Our output will be as follows.

  1. [0] tail.0: [1607928428.466041977, {"message"=>"Exception in thread "main" java.lang.RuntimeException: Something has gone wrong, aborting!
  2. at com.myproject.module.MyProject.badMethod(MyProject.java:22)
  3. at com.myproject.module.MyProject.oneMoreMethod(MyProject.java:18)
  4. at com.myproject.module.MyProject.anotherMethod(MyProject.java:14)
  5. at com.myproject.module.MyProject.someMethod(MyProject.java:10)", "message"=>"at com.myproject.module.MyProject.main(MyProject.java:6)"}]
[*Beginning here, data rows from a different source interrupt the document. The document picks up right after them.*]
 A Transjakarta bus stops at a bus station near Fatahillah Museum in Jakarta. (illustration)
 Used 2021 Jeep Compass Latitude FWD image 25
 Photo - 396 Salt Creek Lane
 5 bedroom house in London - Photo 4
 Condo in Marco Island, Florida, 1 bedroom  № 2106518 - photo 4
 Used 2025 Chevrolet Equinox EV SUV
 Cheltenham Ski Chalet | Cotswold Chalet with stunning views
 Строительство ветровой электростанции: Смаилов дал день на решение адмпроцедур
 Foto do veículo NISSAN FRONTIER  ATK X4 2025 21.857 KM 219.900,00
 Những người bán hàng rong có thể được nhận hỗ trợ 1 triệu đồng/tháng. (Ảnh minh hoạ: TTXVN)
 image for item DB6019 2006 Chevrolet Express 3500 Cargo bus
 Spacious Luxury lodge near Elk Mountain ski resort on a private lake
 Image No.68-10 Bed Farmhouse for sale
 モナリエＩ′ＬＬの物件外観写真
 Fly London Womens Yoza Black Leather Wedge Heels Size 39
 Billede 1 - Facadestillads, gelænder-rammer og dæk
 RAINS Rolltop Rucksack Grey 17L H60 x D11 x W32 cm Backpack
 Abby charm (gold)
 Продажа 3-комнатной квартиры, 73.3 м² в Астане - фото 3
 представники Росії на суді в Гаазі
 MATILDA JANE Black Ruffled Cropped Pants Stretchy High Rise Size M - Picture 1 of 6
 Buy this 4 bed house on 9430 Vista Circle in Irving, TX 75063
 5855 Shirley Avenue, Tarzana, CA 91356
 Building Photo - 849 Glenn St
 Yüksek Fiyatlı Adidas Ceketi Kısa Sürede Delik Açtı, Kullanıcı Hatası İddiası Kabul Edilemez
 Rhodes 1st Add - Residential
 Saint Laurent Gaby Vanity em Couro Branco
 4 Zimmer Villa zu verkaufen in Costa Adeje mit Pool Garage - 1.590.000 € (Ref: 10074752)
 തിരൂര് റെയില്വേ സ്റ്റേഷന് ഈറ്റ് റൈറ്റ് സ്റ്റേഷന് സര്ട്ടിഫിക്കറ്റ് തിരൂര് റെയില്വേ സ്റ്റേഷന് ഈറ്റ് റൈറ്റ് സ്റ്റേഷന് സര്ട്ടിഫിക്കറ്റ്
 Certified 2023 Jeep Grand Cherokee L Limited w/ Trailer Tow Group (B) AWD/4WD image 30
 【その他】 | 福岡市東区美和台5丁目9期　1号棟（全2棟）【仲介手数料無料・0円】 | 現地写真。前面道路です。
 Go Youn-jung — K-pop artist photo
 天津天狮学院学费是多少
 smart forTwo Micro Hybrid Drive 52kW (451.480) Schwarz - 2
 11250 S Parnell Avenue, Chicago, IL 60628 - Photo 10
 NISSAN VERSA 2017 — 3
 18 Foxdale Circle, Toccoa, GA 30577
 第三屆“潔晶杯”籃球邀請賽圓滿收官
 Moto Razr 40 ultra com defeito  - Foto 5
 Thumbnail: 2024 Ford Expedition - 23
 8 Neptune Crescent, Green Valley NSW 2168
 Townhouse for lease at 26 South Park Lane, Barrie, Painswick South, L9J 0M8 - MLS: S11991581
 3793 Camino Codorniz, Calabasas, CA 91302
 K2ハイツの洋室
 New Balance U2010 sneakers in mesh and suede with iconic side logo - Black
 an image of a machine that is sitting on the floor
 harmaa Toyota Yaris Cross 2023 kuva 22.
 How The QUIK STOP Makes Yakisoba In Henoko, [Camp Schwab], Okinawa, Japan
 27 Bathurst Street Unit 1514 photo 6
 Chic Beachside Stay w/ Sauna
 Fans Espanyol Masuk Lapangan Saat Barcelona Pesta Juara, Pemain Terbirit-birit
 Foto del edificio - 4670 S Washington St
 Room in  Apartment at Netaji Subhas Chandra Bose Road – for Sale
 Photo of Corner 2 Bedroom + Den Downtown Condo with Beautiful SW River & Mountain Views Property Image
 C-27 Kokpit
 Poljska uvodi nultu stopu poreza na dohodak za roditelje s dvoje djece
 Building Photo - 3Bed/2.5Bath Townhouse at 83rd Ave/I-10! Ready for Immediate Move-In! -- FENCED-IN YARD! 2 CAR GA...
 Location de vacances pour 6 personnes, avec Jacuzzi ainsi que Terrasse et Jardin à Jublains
Tailing files keeping state

The tail input plugin a feature to save the state of the tracked files, is strongly suggested you enabled this. For this purpose the db property is available, e.g:

  1. $ fluent-bit -i tail -p path=/var/log/syslog -p db=/path/to/logs.db -o stdout

When running, the database file /path/to/logs.db will be created, this database is backed by SQLite3 so if you are interested into explore the content, you can open it with the SQLite client tool, e.g:

  1. $ sqlite3 tail.db
  2. -- Loading resources from /home/edsiper/.sqliterc
  3. SQLite version 3.14.1 2016-08-11 18:53:32
  4. Enter ".help" for usage hints.
  5. sqlite> SELECT * FROM in_tail_files;
  6. id name offset inode created
  7. ----- -------------------------------- ------------ ------------ ----------
  8. 1 /var/log/syslog 73453145 23462108 1480371857
  9. sqlite>

Make sure to explore when Fluent Bit is not hard working on the database file, otherwise you will see some Error: database is locked messages.

Formatting SQLite

By default SQLite client tool do not format the columns in a human read-way, so to explore in_tail_files table you can create a config file in ~/.sqliterc with the following content:

  1. .headers on
  2. .mode column
  3. .width 5 32 12 12 10

File Rotation

File rotation is properly handled, including logrotate’s copytruncate mode.

Note that the Path patterns cannot match the rotated files. Otherwise, the rotated file would be read again and lead to duplicate records.